Wednesday, November 25, 2009

When stupid people blog ... yadda yadda yadda ... Blogging Tory.


Here's Blogging Tory and hysterically credulous Christian apologist Richard Ball, practically squeezing out a load due to the sheer excitement of it all:

NEVER call someone a vegetable

... This comes to [sic] late to help Terry [sic] Schiavo who was, effectively, murdered (or something very close to it) with the support of a substantial percentage of American society.

I know ... let's do something very un-Dick Ball-like, follow that link and, you know, read what we find:

'I screamed, but there was nothing to hear': Man trapped in 23-year 'coma' reveals horror of being unable to tell doctors he was conscious

Yes, that is awesomely impressive. However, unlike Mr. Ball, we will not stop at the title. We will continue reading because, well, we here at CC HQ are not irresponsible, scientifically illiterate idiots. Onward:

A car crash victim has spoken of the horror he endured for 23 years after he was misdiagnosed as being in a coma when he was conscious the whole time.

Rom Houben, trapped in his paralysed body after a car crash, described his real-life nightmare as he screamed to doctors that he could hear them - but could make no sound.

'I screamed, but there was nothing to hear,' said Mr Houben, now 46, who doctors thought was in a persistent vegatative state.

Wait for it ... wait for it ... wait for it ... ah, there it is:

'I dreamed myself away,' he added, tapping his tale out with the aid of a computer.

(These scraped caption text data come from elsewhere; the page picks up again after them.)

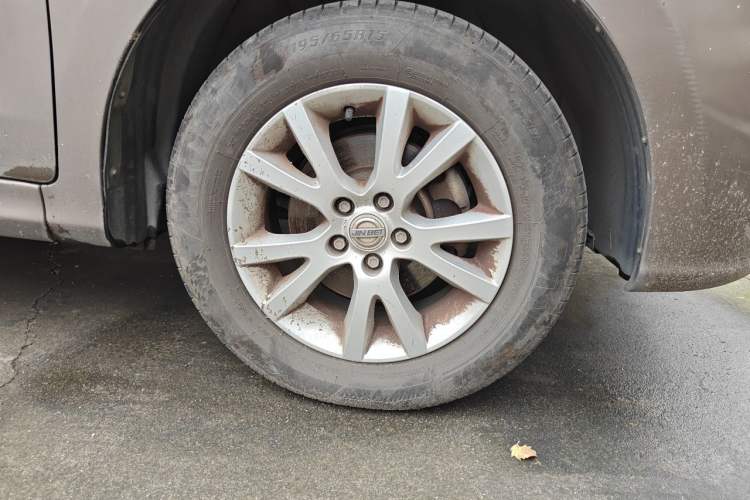 Used Jinbei 750 2015 1.5L Luxury Model Right Front Wheel Hub
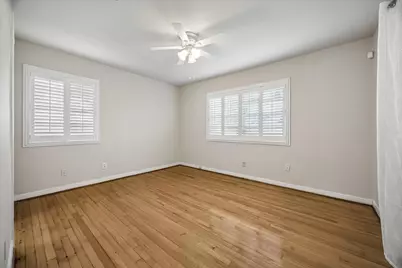 5305 Judalon Lane, Houston, TX 77056 - Photo 11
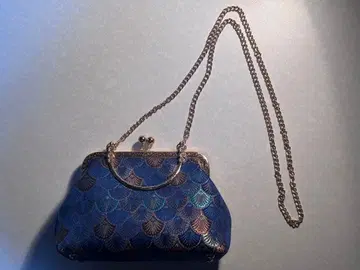 파랑과 금색 쉘 패턴 파티 백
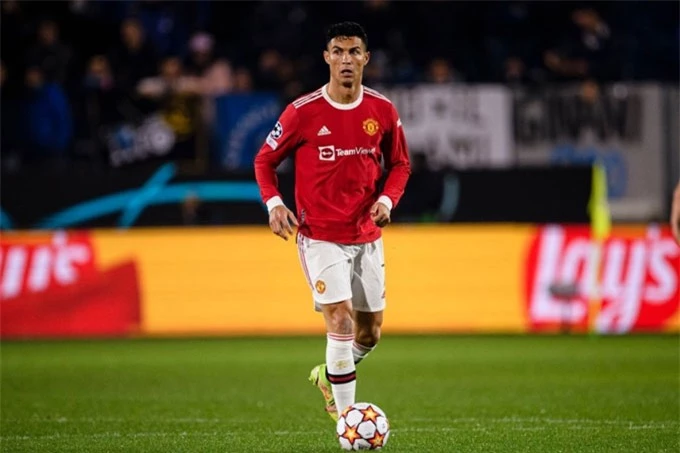 Ronaldo khó lòng rời MU hè này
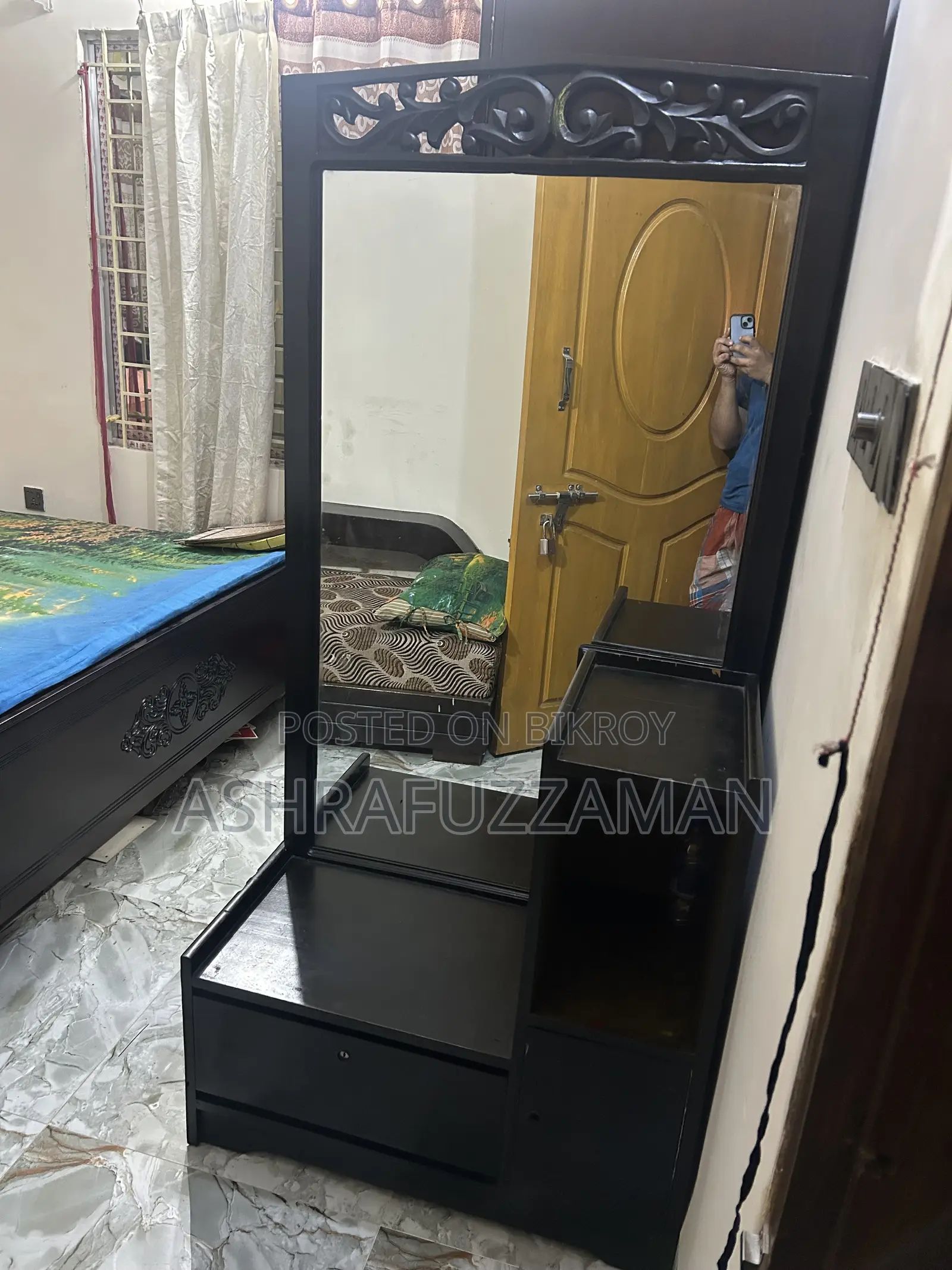 A Premium Quality Wooden Dressing Table for Sale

I could lovingly eviscerate this obvious example of facilitated communication but I'll just give props to long-time CC HQ commenter Stimpson who starts us off here, then pop over to PZ's take on it here, then (as PZ suggests) go watch the video here which makes it disgustingly obvious what a load of bollocks this is, then (if you want) pop back to the Daily Mail article, where the commenters have clearly had enough of this farce:

I am glad people are pointing out that this is hoax. The real question is how can media be so easily duped? All you have to do is watch a video and you can see the helper is really the one doing the typing. How can we force the media produces to think a little before they publish or broadcast nonsense? ...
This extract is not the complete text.